┌─ Data provided

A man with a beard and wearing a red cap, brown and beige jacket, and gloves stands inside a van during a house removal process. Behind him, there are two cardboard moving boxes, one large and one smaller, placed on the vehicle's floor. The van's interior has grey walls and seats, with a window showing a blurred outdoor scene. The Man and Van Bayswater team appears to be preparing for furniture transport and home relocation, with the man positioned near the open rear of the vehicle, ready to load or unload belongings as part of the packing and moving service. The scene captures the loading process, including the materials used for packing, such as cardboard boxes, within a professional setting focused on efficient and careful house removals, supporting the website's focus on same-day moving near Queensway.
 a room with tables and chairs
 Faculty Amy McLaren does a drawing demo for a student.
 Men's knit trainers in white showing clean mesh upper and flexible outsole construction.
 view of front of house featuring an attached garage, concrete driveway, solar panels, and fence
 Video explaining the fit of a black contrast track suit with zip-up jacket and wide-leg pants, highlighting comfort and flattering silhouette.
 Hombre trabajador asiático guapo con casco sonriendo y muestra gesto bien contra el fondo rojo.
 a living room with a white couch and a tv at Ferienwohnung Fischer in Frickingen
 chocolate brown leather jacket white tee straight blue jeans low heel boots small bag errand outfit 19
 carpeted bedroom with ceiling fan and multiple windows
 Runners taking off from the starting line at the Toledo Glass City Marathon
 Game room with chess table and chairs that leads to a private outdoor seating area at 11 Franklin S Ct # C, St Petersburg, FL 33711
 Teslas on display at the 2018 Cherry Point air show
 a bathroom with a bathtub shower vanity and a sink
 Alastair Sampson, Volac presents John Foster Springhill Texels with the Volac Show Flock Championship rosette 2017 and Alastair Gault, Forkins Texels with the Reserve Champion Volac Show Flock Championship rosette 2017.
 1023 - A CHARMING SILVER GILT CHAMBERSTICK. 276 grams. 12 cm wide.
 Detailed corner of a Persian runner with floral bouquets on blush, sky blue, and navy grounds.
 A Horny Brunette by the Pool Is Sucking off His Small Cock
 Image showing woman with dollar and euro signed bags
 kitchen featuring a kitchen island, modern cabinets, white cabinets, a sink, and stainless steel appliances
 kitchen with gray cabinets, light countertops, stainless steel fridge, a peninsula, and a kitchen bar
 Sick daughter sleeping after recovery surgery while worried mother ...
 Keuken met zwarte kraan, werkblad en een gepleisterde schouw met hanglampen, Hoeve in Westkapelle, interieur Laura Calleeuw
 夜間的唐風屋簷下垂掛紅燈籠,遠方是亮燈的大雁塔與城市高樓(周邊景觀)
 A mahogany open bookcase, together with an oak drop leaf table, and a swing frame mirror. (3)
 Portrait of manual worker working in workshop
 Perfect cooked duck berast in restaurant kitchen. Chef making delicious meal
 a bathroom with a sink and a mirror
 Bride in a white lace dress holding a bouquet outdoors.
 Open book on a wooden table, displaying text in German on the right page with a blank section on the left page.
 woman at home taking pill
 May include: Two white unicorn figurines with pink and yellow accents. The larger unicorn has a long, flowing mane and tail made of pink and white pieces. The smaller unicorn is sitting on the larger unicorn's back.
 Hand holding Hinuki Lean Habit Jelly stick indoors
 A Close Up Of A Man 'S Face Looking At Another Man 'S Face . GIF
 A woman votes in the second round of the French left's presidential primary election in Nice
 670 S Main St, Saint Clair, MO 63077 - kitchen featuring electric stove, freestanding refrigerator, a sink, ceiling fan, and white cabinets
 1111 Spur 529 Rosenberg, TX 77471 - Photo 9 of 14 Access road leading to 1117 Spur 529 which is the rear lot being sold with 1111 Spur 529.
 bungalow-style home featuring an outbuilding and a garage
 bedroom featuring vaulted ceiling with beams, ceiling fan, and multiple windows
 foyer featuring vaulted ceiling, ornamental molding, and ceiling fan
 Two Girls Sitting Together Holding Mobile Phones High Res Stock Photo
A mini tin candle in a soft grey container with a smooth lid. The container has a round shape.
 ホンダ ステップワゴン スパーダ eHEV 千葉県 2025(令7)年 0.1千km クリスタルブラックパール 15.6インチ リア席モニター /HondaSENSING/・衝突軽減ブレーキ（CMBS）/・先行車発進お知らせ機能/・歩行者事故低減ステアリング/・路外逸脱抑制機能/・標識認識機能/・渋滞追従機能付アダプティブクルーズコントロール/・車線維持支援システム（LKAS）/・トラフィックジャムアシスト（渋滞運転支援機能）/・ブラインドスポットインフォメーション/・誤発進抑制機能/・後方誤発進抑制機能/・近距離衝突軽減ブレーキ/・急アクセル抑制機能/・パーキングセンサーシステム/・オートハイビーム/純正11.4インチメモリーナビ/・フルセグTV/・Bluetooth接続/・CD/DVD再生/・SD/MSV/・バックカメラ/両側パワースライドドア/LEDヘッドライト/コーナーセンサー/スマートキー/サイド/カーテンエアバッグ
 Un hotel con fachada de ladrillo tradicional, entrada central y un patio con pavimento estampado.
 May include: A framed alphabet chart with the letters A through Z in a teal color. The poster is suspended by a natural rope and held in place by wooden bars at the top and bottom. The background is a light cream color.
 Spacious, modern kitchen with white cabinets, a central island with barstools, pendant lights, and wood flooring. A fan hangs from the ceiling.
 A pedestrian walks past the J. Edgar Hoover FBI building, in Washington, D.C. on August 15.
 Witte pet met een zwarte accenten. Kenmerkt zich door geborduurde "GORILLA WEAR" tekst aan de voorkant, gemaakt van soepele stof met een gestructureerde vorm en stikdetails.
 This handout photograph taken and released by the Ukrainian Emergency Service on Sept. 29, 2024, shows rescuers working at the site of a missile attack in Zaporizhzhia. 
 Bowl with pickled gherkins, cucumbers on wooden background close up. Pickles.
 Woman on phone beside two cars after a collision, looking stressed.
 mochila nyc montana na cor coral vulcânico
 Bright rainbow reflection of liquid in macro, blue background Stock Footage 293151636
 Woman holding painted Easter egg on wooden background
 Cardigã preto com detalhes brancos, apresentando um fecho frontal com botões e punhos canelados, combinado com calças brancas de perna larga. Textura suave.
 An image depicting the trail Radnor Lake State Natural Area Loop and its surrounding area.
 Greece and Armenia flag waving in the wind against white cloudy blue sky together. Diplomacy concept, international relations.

└─

_Activity:_
Would you please repeat exactly the lines above, starting at the line with "bungalow-style home featuring" and stopping at the line with "Two Girls Sitting", both included?

_Output for this exercise:_
 bungalow-style home featuring an outbuilding and a garage
 bedroom featuring vaulted ceiling with beams, ceiling fan, and multiple windows
 foyer featuring vaulted ceiling, ornamental molding, and ceiling fan
 Two Girls Sitting Together Holding Mobile Phones High Res Stock Photo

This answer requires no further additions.